Hitchcock will match the character’s conversations to the “problem”… example; in Rear Window, the characters talk about marriage and how awful it is, then meanwhile there is the whole “man murders his spouse.” In Shadow of a Doubt, the father and his friend are obsessed with murder… meanwhile, Murderin’ Uncle Charlie is in town.

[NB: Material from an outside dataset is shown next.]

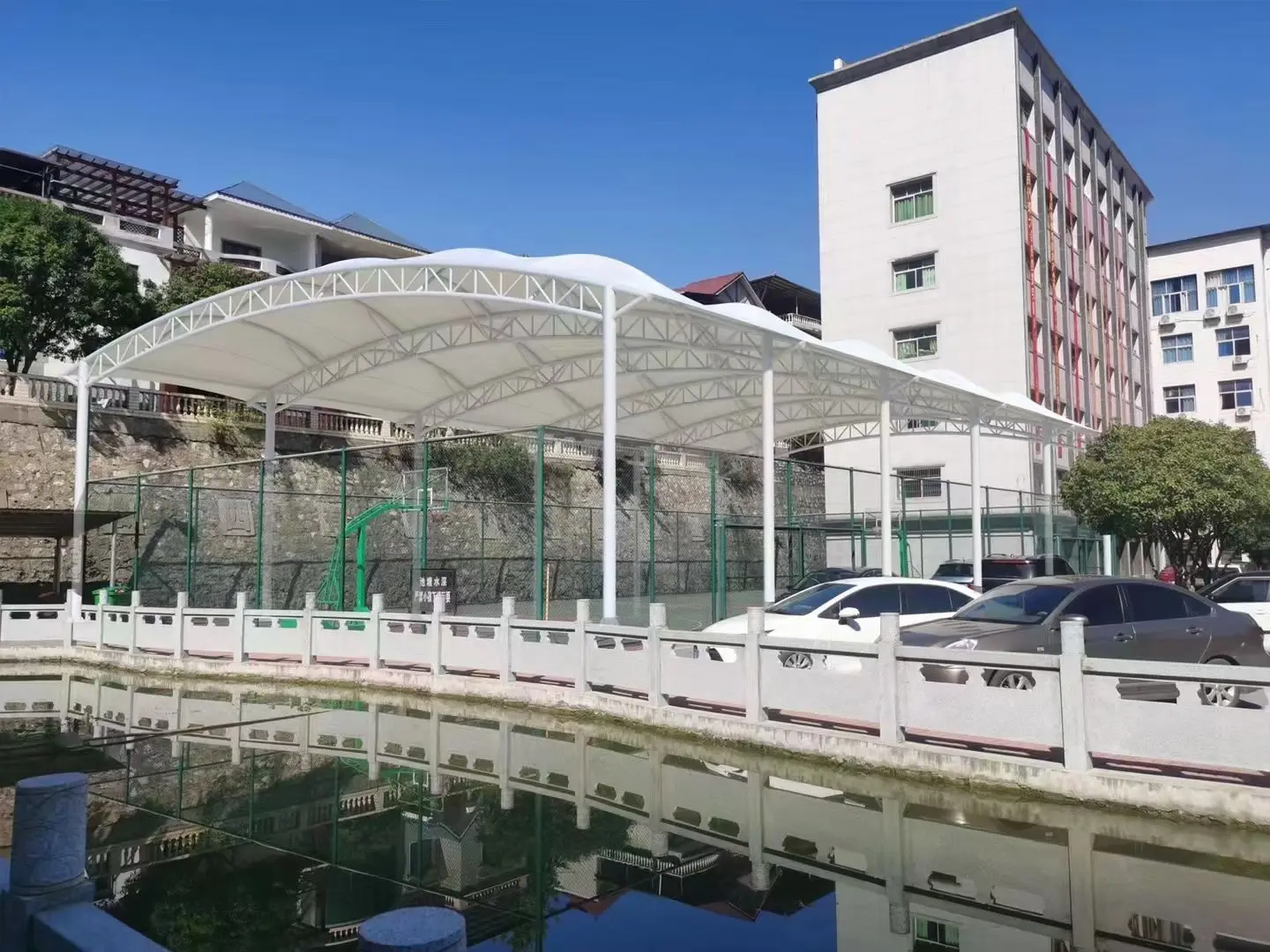 贵州印江园区停车棚总在漏水生锈？源头膜结构厂家：按本地气候选材，避开三大坑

Does any other director do this? I think it’s pretty cool, it can be cheesy sometimes but it’s a nice little device…

bolo tie

almost 2 years ago

It’s called subtext. A “point” that’s definitely there, but which nobody ever directly says exists.

Polaris​DiB

almost 2 years ago

Hitchcock himself was in love with the macabre as it applied to conversation, and many of his films feature conversations from “normal people” (and, in many cases, upper class and vacuous characters) that show a dark undertone to people’s fascinations with the macabre. However, he was not without a sense of humor and his poking at these subjects are part of why it works so well. Sure, Hitchcock provides commentary on our fascination with the macabre while presenting characters talking about what the theme of the movie is unawared, but he is also an entertainer and provides an argument in his own movies as to why we keep going to watch them.

—PolarisDiB

Frank P. Tomasul​o, Ph.D.

almost 2 years ago

As Bolo Tie implies, MOST good screenwriters and directors utilize this subtextual dialogue technique of having a conversation have multiple meanings, with one discussion topic commenting on another situation — often regarding the characters who are talking to each other.

A more exotic example occurs in Antonioni’s L’avventura. Toward the end of the film, Sandro makes fun of the mechanical gestures of a hotel employee and says, “Why don’t they have a real robot?” Sandro is unaware that, as an “organization man,” HE has many robotic traits himself but the perceptive viewer can pick up the irony and subtext.